**PROBLEM REQUIREMENTS**
Look below for the line with "Англійська фрегат HMS" and the line with "Portada del libro"; repeat exactly those two lines and all lines between them, but no pictures.

**EXTRACTED ENTRIES**
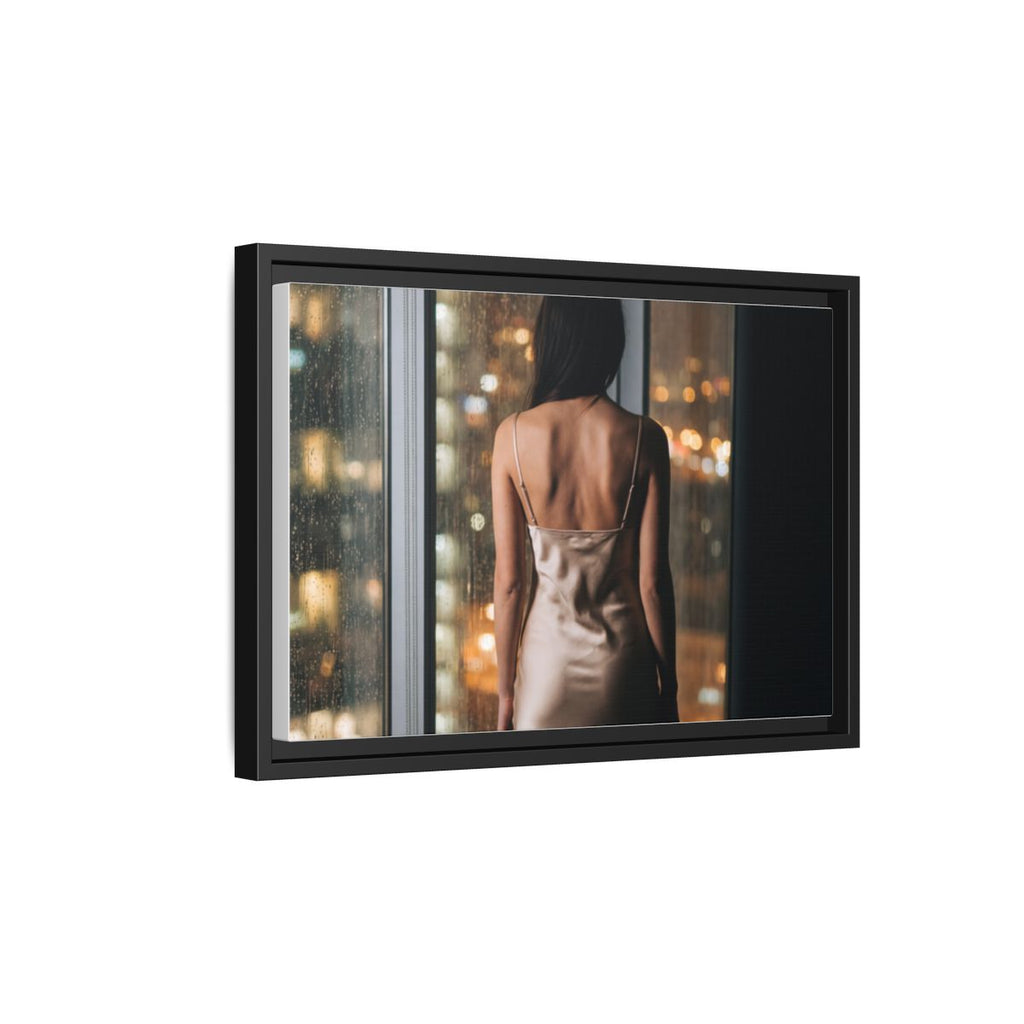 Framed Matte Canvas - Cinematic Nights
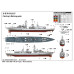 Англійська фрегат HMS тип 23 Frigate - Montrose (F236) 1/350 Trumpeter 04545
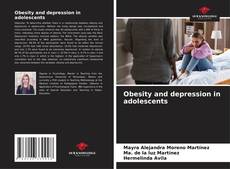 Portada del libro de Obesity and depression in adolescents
* * *
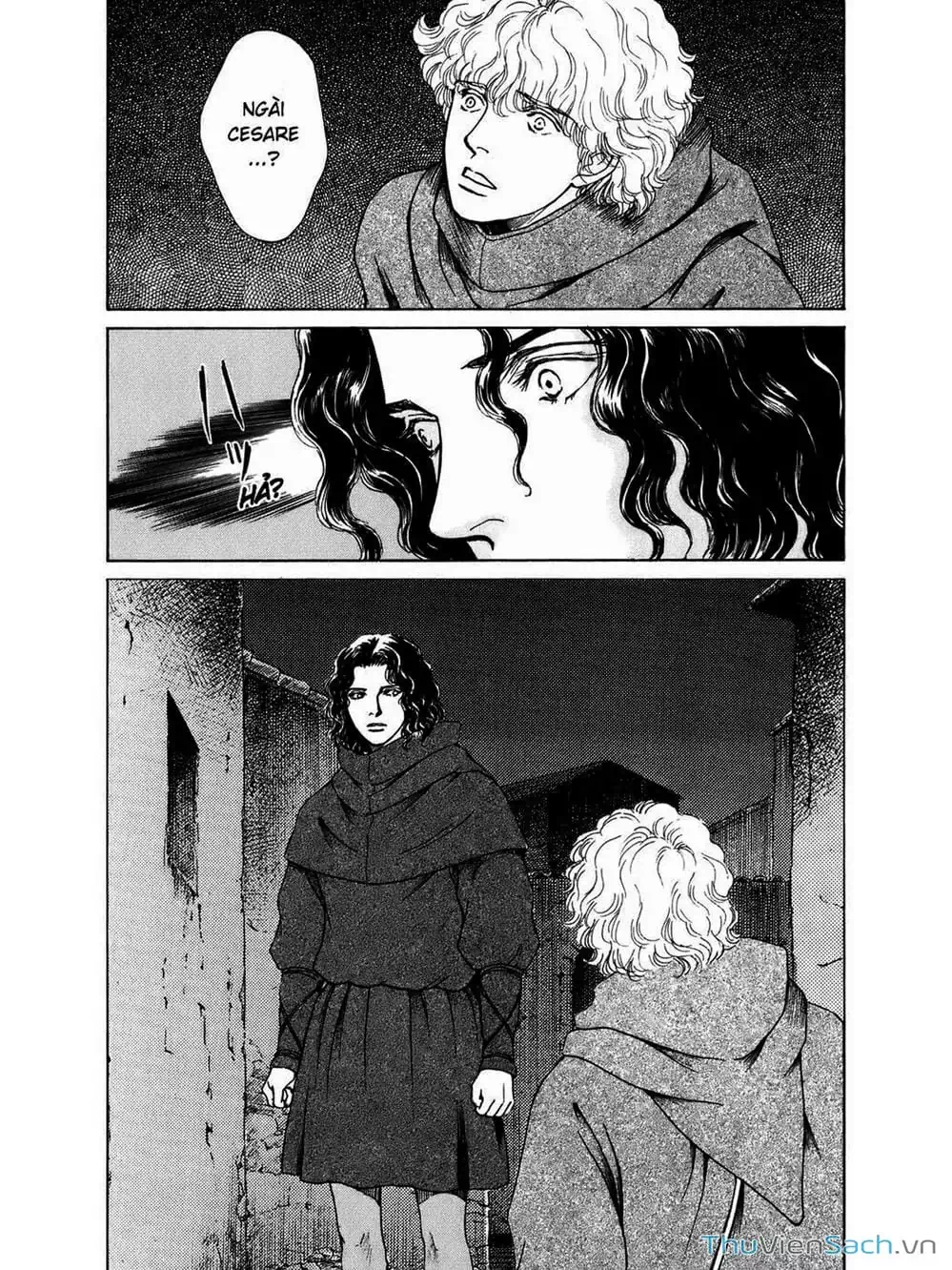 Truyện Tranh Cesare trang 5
* * *
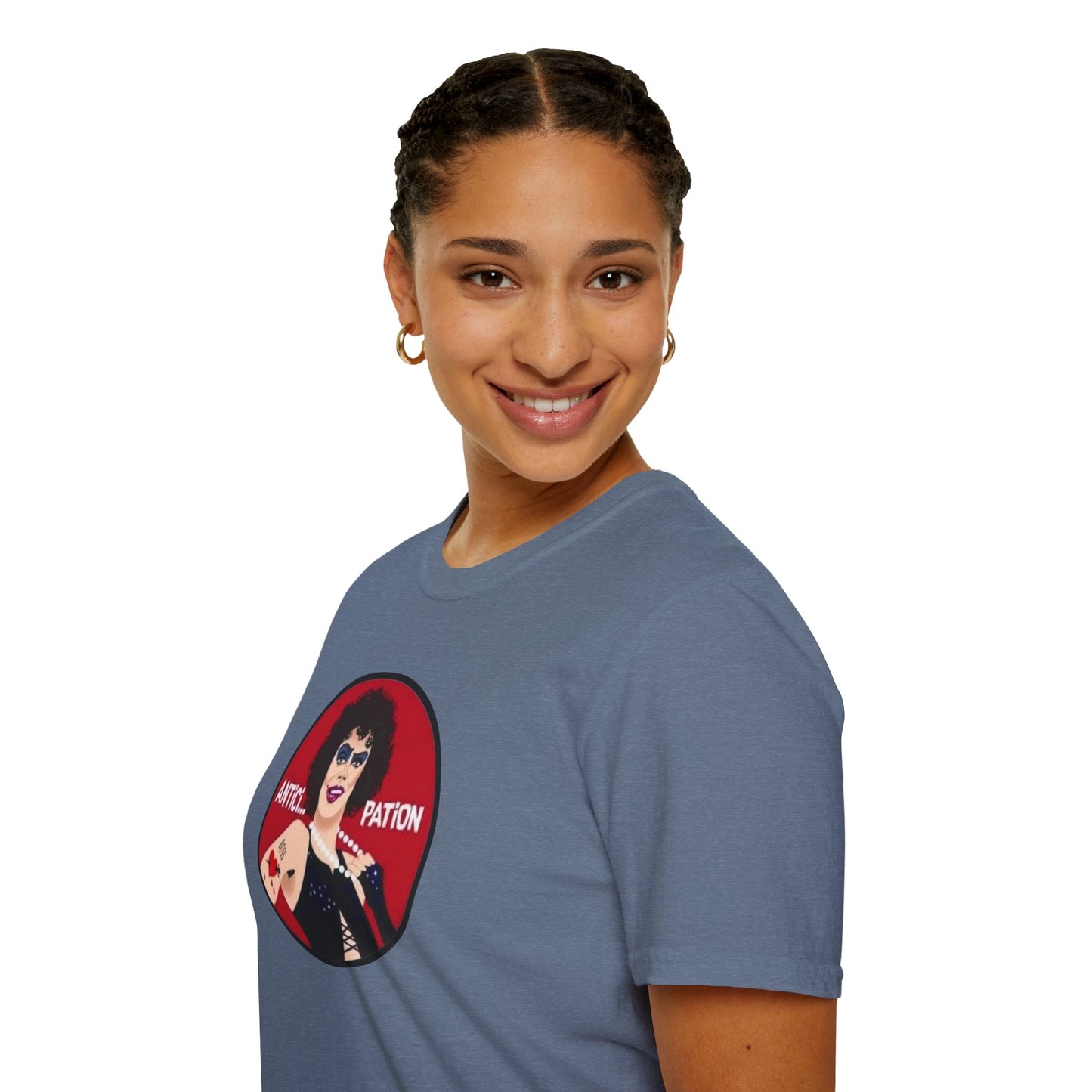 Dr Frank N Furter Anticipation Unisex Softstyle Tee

**OUTPUT FOR THIS EXERCISE**
 Англійська фрегат HMS тип 23 Frigate - Montrose (F236) 1/350 Trumpeter 04545
 Portada del libro de Obesity and depression in adolescents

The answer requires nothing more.